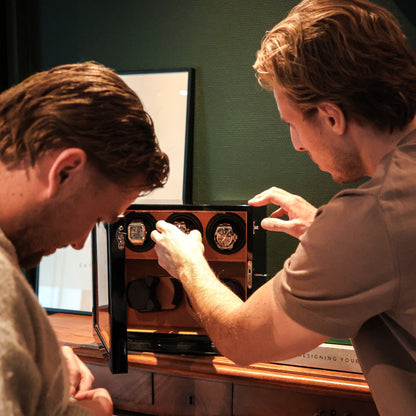 LW157 Watch Winder 7 Watches – Gloss Black & Brown - Leader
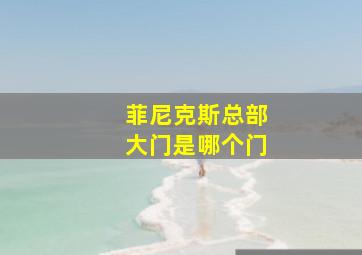 菲尼克斯总部大门是哪个门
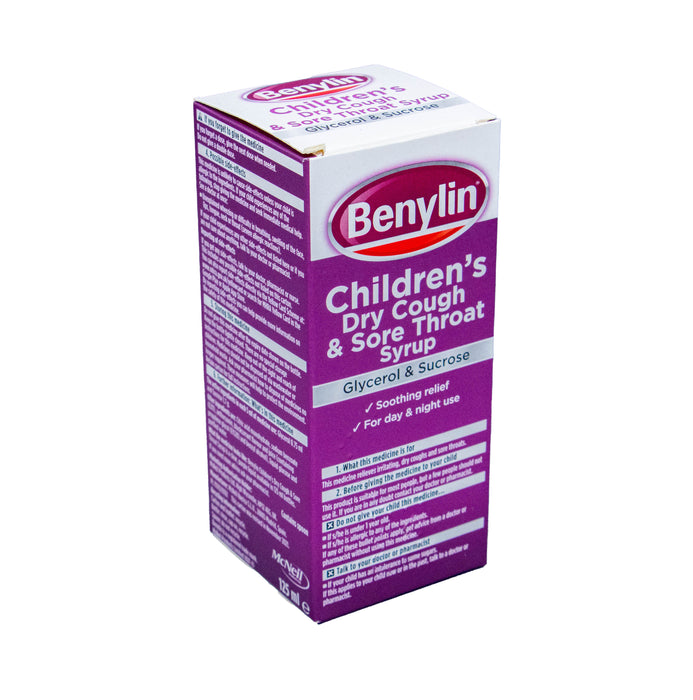 Benylin Children's Dry Cough Sore Throat Syrup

*ASSIGNED TASK:* Copy exactly, and copy nothing else: the lines from the one containing "菲尼克斯总部大门是哪个门" through the end of the data, both ends included, with pictures left out.

*EXPECTED OUTPUT:*
 菲尼克斯总部大门是哪个门
 Benylin Children's Dry Cough Sore Throat Syrup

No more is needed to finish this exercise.